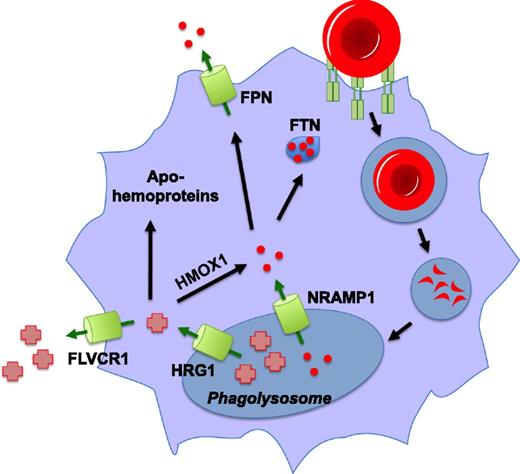 Figure 2. Pathways for heme and iron recycling during erythrophagocytosis. Senescent red blood cells are recognized by macrophages of the reticuloendothelial system and subsequently internalized and degraded. Iron (red circles) is released from hemoglobin in the phagolysosome by an unknown mechanism, imported into the cytosol via Nramp1, and is either stored in ferritin (FTN) or is exported from the cell by ferroportin (FPN). Heme in the phagolysosome is transported into the cytosol by HRG1, where it can be degraded by HMOX1 for storage or exported as iron. This heme may also be effluxed from the cell by the heme exporter, FLVCR1, and there is some evidence that it can be inserted in toto into apohemoproteins within the macrophage.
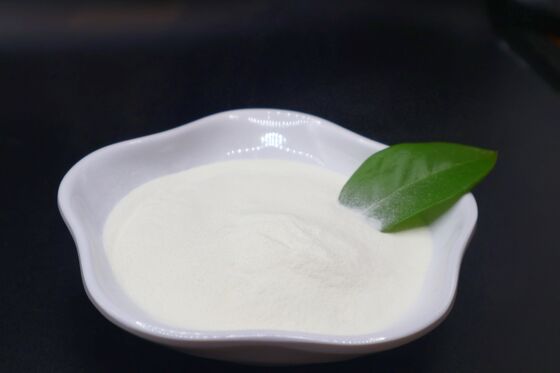 Slightly Fishy Hydrolyzed Collagen Peptides 1000 to 3000Dal Molecular Weight Raw Material for Health Care and Cosmetic Industry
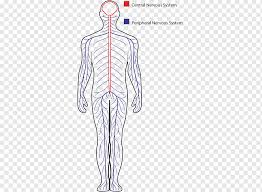 This is very uncommon for cells, which are usually very short. The Brain Of The Human Brain Nervous System Nerve Human Organization Png Pngwing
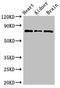 Oviduct-specific glycoprotein antibody, LS-C678916, Lifespan Biosciences, Western Blot image 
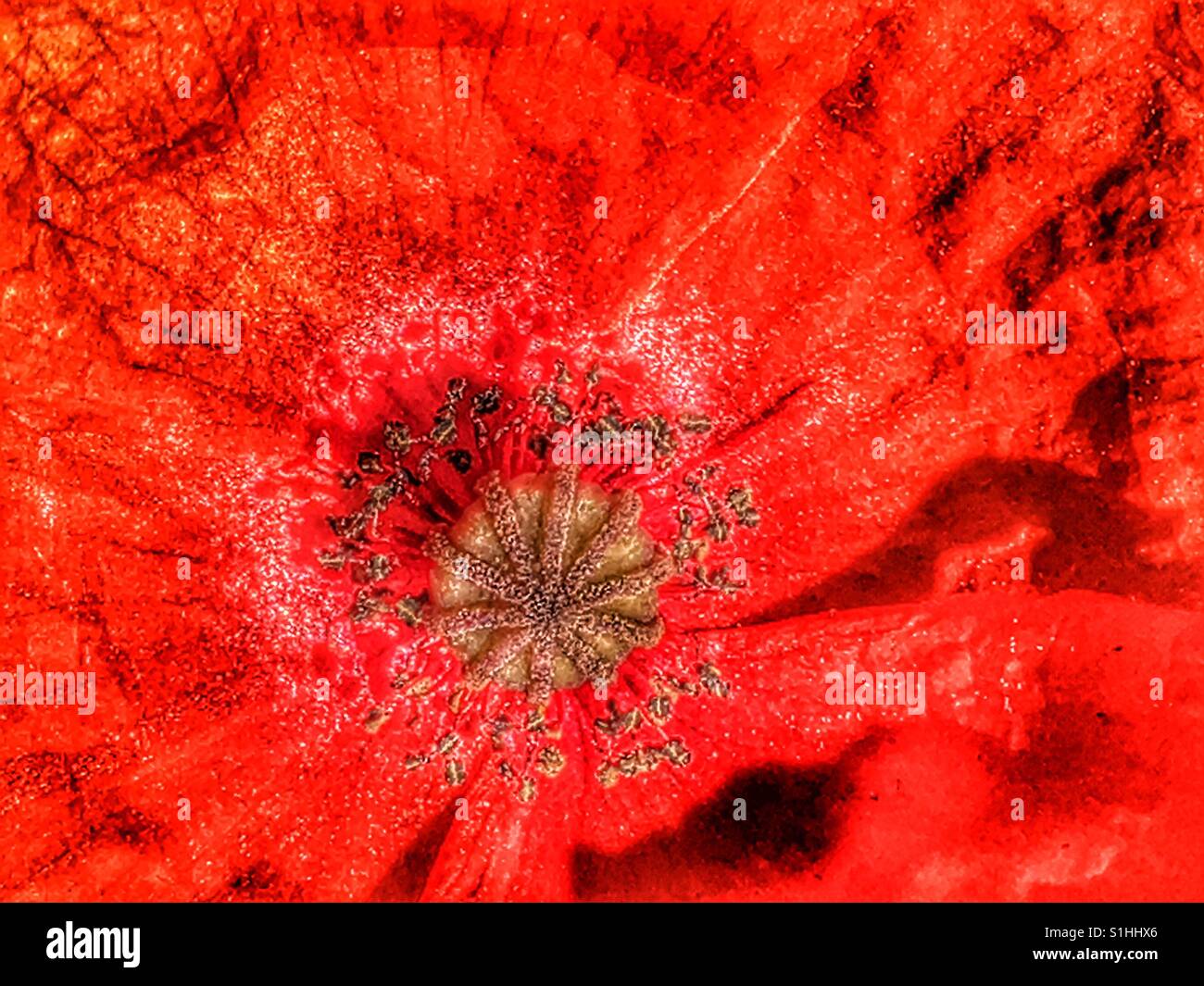 Papaver Rhoeas, auch bekannt als gemeinsame Mohn, roter Mohn oder Flandern Mohn - Smartphone-aufgenommenes Stockfoto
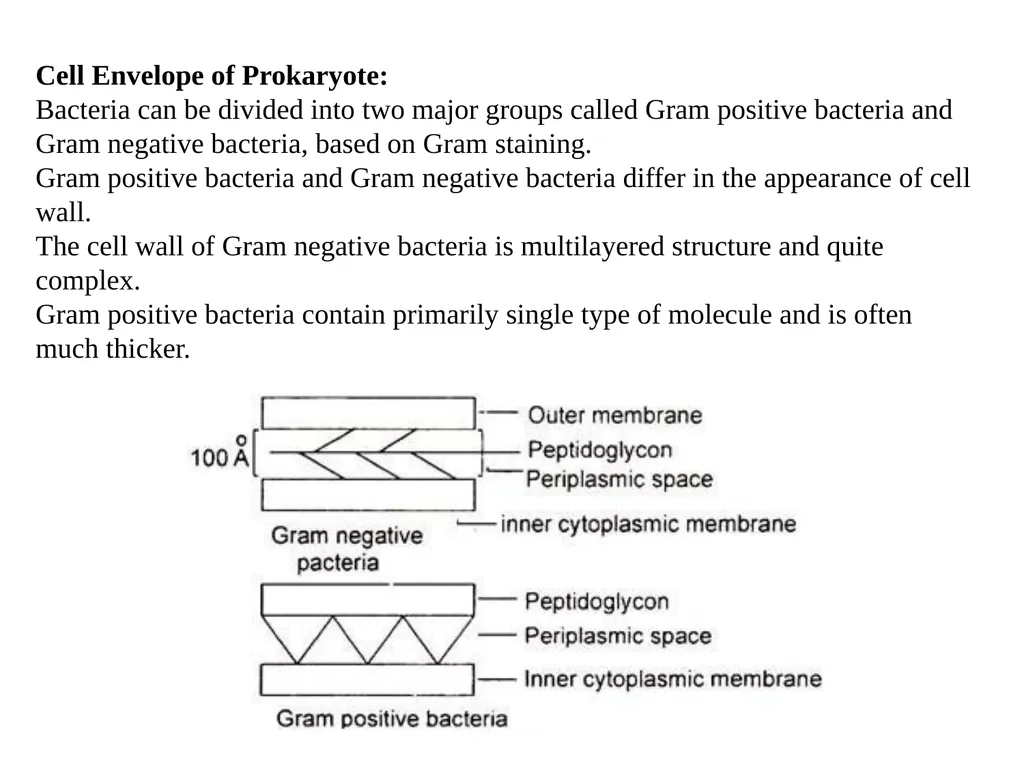 STRUCTURE AND CHEMICAL COMPOSITION OF BACTERIA - slide 9 of 28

┄┄┄┄┄┄┄┄┄┄┄┄┄┄┄┄┄┄┄┄

Task objective: Return the material from above in full, exactly as written, with the pictures omitted.

Written reply:
 Figure 2. Pathways for heme and iron recycling during erythrophagocytosis. Senescent red blood cells are recognized by macrophages of the reticuloendothelial system and subsequently internalized and degraded. Iron (red circles) is released from hemoglobin in the phagolysosome by an unknown mechanism, imported into the cytosol via Nramp1, and is either stored in ferritin (FTN) or is exported from the cell by ferroportin (FPN). Heme in the phagolysosome is transported into the cytosol by HRG1, where it can be degraded by HMOX1 for storage or exported as iron. This heme may also be effluxed from the cell by the heme exporter, FLVCR1, and there is some evidence that it can be inserted in toto into apohemoproteins within the macrophage.
 Slightly Fishy Hydrolyzed Collagen Peptides 1000 to 3000Dal Molecular Weight Raw Material for Health Care and Cosmetic Industry
 This is very uncommon for cells, which are usually very short. The Brain Of The Human Brain Nervous System Nerve Human Organization Png Pngwing
 Oviduct-specific glycoprotein antibody, LS-C678916, Lifespan Biosciences, Western Blot image 
 Papaver Rhoeas, auch bekannt als gemeinsame Mohn, roter Mohn oder Flandern Mohn - Smartphone-aufgenommenes Stockfoto
 STRUCTURE AND CHEMICAL COMPOSITION OF BACTERIA - slide 9 of 28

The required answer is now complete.